The study’s primary end point is investigator-assessed progression-free survival (PFS), which is defined as the time from date of randomization until investigator-assessed progressive disease or death. This end point will be assessed per RECIST v1.1 criteria, and will be evaluated after patients who received platinum-based chemotherapy plus bevacizumab are given maintenance mirvetuximab soravtansine plus bevacizumab vs bevacizumab alone.

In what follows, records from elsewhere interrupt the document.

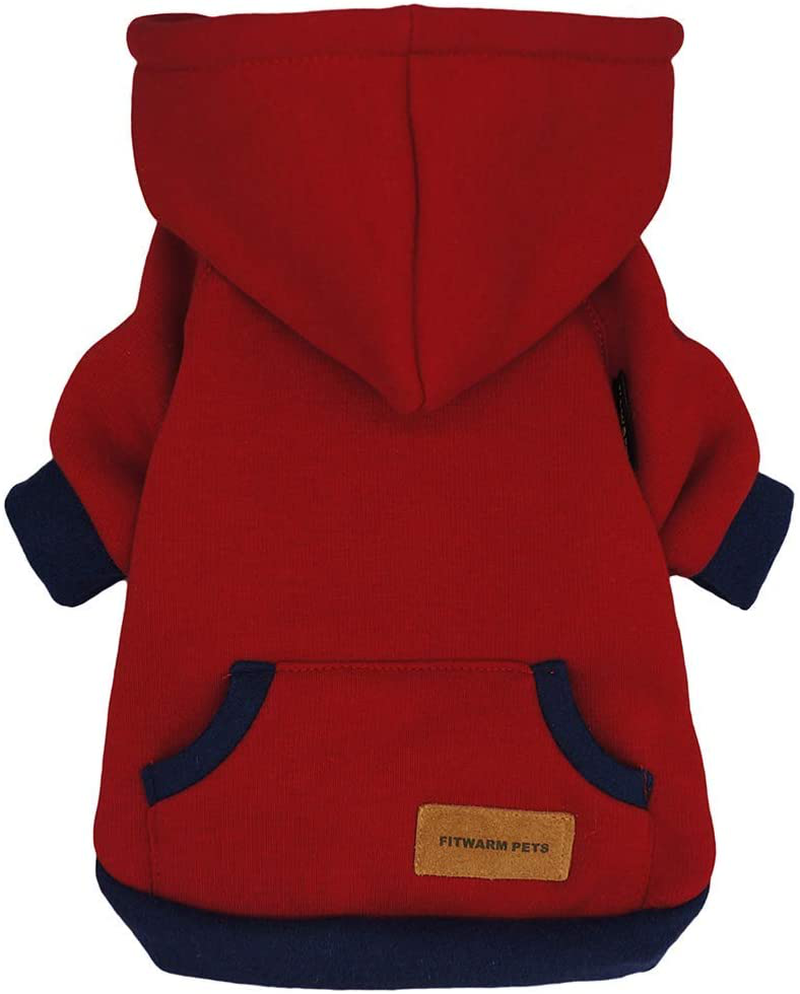 Fitwarm Casual Pet Clothes Dog Hoodies Puppy Pullover Cat Hooded Shirts Sweatshirts Animals & Pet Supplies > Pet Supplies > Dog Supplies > Dog Apparel Fitwarm Red XXL 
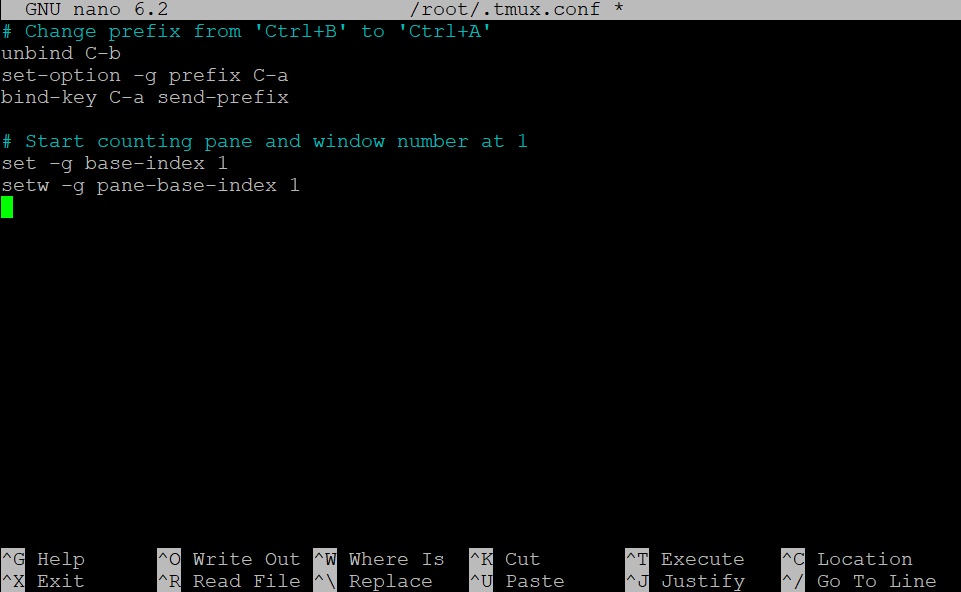 Code de configuration tmux dans l'éditeur de texte nano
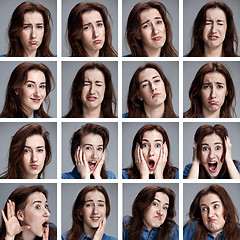 Image showing Set of young woman\'s portraits with different emotions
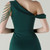 In Stock:Ship in 48 Hours Hot Sale Dark Green One Shoulder Beading Party Dress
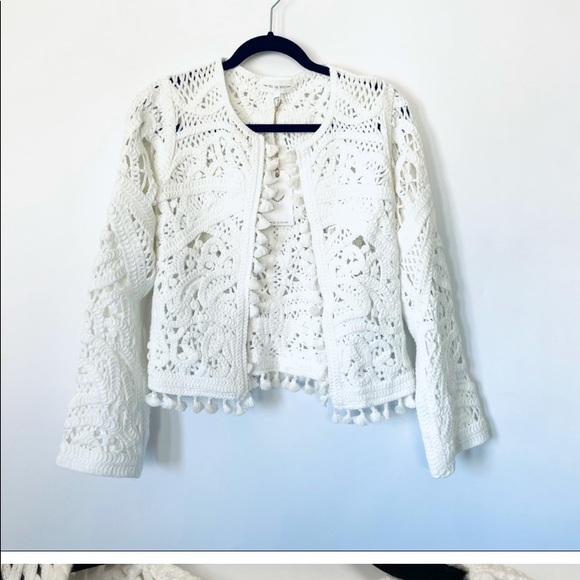 COPY - Beautiful crochet bright white jacket size M - Picture 2 of 6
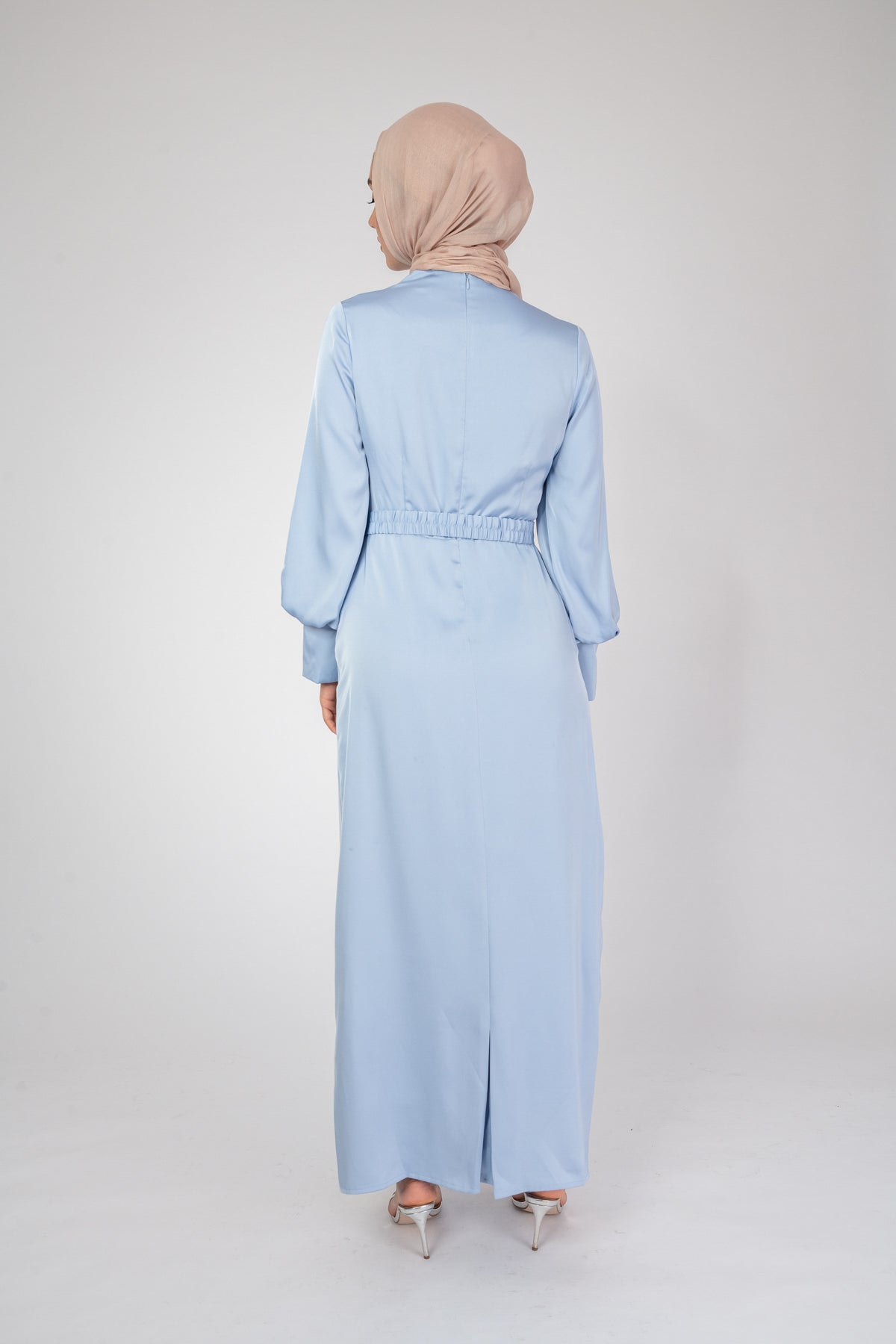 'Sky is the Limit' Satin Dress - Blue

In 2022, the ADC mirvetuximab soravtansine received accelerated approval from the FDA for adult patients with FRα-positive, platinum-resistant epithelial ovarian, fallopian tube, or primary peritoneal cancer who previously received 1 to 3 prior systemic regimens.2 This regulatory decision was based on data from the phase 2 SORAYA trial (NCT04296890)​​, in which single-agent mirvetuximab soravtansine elicited an investigator-assessed objective response rate (ORR) of 32.4% (95% CI, 23.6%–42.2%), which included 5 complete responses (CRs).3 The median duration of response (DOR) with the agent was 6.9 months. This result was consistent regardless of the number of prior lines or previous exposure to PARP inhibitors.

Data from the confirmatory phase 3 MIRASOL trial (NCT04209855) indicated that single-agent mirvetuximab soravtansine had clinically meaningful activity and acceptable tolerability in patients with FRα-expressing ovarian cancer.4 In this trial, single-agent mirvetuximab soravtansine (n = 227) resulted in a median PFS of 5.62 months (95% CI, 4.34-5.95) vs 3.98 months (95% CI, 2.86-4.47) with physician’s choice of chemotherapy (n = 226; HR, 0.65; 95% CI, 0.52-0.81; P < .0001); median overall survival (OS) was 16.46 months (95% CI, 14.46-24.57) vs 12.75 months (95% CI, 10.91-14.36), respectively (HR, 0.67; 95% CI, 0.50-0.89; P = .0046); The ORR difference between both arms was 26.4%, in favor of mirvetuximab soravtansine.

Additionally, the phase 3 FORWARD-1/GOG 3011 trial (NCT02631876) showed that the addition of mirvetuximab to bevacizumab led to an ORR of 48% (95% CI, 30%-67%) with a median DOR of 12.7 months.5 Although this trial did not meet its primary end point of PFS, efficacy signals in favor of the combination regimen were observed in the subset of patients with FRα-high, recurrent platinum-sensitive ovarian cancer.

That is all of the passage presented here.